Women coop members weed the crop while it is growing and help hand cut the rice at harvest time
The total yield of processed rice was 76 X 25 kg bags and one kilo, or 1,901 kilos. As presented below. 1901/5,147 (Area) =.39Kgs per M2 or 3.693 tons per hectare of processed marketable rice. It is recognised that the trial hasn’t reached its potential yet however the yield represented a six fold increase on the conventional system used in the area and dramatically outperformed ICM. Critical information about the program’s capability has been obtained.
MCEA through SAL bought the 76 X 25 kg bags above from the trial at 65 cents a kilo or $1,235 for the 1.9 tons. This was income that a very poor community would not have otherwise earned. The community has since begun to organize itself to implement over 20 HA in the next planting season. MCEA has since through SAL organized to sell and distribute the rice.
The work Integrated well with OXFAM’s GROW campaign and has attracted the attention of both the Minister Marian Assanami Sabino and Vice Minister of Agriculture, Marcos De Cruz. The Vice Minister met MCEA staff, cooperative members and Oxfam partners during this event and requested from M K Ali (OXFAM TL Country director) a presentation from OXFAM. The Minister of Agriculture has requested to visit sites in Suai which we are also pleased to present.
The Director of MCE-A, Jose AMX Goncalves and Vice Minister for Agricuture and Fisheries Marcos da Cruz at OXFAM’s GROW campaign
Cooperation between MCEA and Government extension officers has begun in earnest in Sekar -Maliana with a joint project opening up a three kilometer water way using government equipment.
“The trials in Sekar have the potential to open up 200 Ha to rice cultivation where that had not previously been possible” says Mr. Jose AMX Goncalves, Director of MCE-A. “In all, 9 Ha have been put in SRI in Maliana to date. Discussions and plans between MCEA and the government continue to integrate, which we hope will be included in the design for next year, including items such as warehousing, logistics and large tracks of paddy implementation.”
Successful harvest sold at 65c per kg. Next year will be even better!

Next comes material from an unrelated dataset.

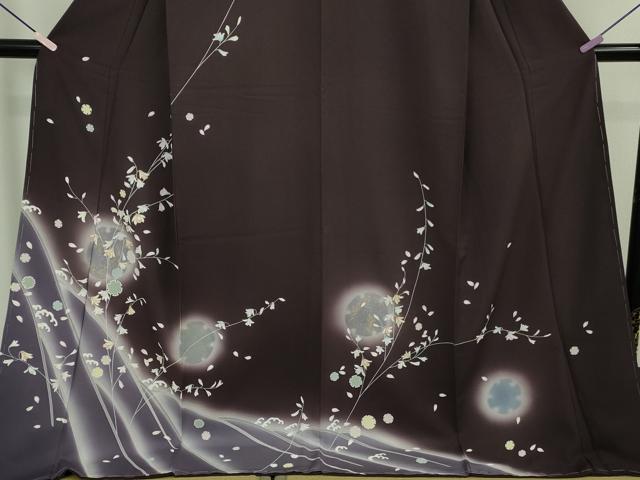 平和屋本店●極上　訪問着　駒刺繍　雪輪　枝花文　似せ紫色地　暈し染め　金彩　ロング丈　逸品　未使用　DZAB6757kh6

The increase in productivity resulted in a cash sale which was before not possible. The mobilisation of the community to get to that point and the wealth injected into the community vitalises communities with a genuine desire to keep going as they prove to themselves that they can transform their community and make the hoped-for progress happen – that is what they are doing with the implementation. It also sets the scene for the larger planned movement of increased production and economic sovereignty which is attractive to stakeholders and members alike.
Vital measures in terms of productivity and costs have also been learnt in terms of both planning and implementation which are vital for further planning. Skills by administrators and implementers alike have been sharpened with the experience and perhaps most vitally at this stage relationships with members and partners have been formed and strengthened giving purpose to further training and integration.